Its power as a detergent ingredient is based on how potassium carbonate forms an alkaline medium which makes it capable of removing unwanted, insoluble stains. It also acts as a builder owing to its higher solubility at low temperatures.
At its simplest definition, soap is the chemical reaction between sodium hydroxide and a fat or oil. The product of this reaction is glycerin (a moisturizer) and sodium salts of fatty acids (soap). Potassium carbonate’s usefulness as a raw material for soap is that instead of burning alkalis and then converting fatty acids to soap, the fats are neutralized by both the sodium and potassium. It is a process that is strong enough to remove even insoluble oils, such as vegetable oil, sweat stains, and engine grease - even in particularly acidic environments or with hard water.

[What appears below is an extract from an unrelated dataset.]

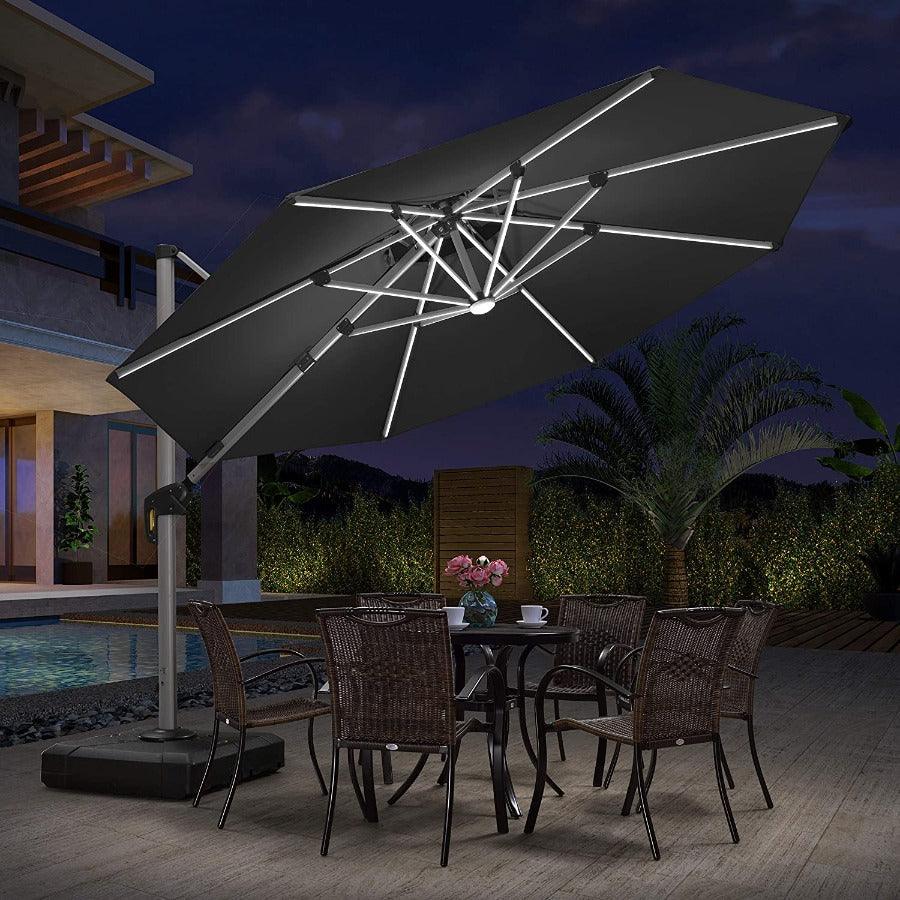 PURPLE LEAF Round Solar Lighted Cantilever Umbrella Outside Patio Umbrella with Lights - Image 4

Beyond hand soaps and detergents, potassium carbonate is also a practical ingredient for household cleaning products, as it can remove the magnesium and calcium rings which form around a bath. It is a chemistry based on neutralizing the mineralized ions in the water.
However, it is in detergents where potassium carbonate is most notable - although, there is more to washing clothes than simply mixing in some K2CO3.
For instance, particle size can play a significant role in potassium carbonate’s cleaning properties, as it is key to effectively dispensing, dispersing, and dissolving powdered laundry detergents.
A slow dispensing powder allows for the formation of a residue in the drawer of many automatic washing machines. This problem is typically the result of a powder with a medium to high bulk density.
Research into this topic has found that “specific grades of potassium carbonate, when added as a separate particulate ingredient (post-dosed) to an already formulated particulate detergent base composition, significantly improve the dispensing times of the whole detergent composition.”
Although the effects of eutrophication as a result of detergent residues entering rivers and streams is leading some detergent manufacturers to increase their usage of alkali metal carbonates (especially sodium carbonate), potassium carbonate remains an important laundry ingredient. This is particularly true in hard water areas, as K2CO3 is an excellent water softener.
Despite being known as a useful cleaning ingredient since ancient times, the use of potassium carbonate in laundry products and household cleaners is still being researched today.
It is a chemical product that people use daily, and yet somehow remains anonymous. A little-known chemical in everyday modern life - one that helps our food taste better, is a raw material for glass making, and helps put out fires. But ultimately, potassium carbonate is a literal solution for washing clothes.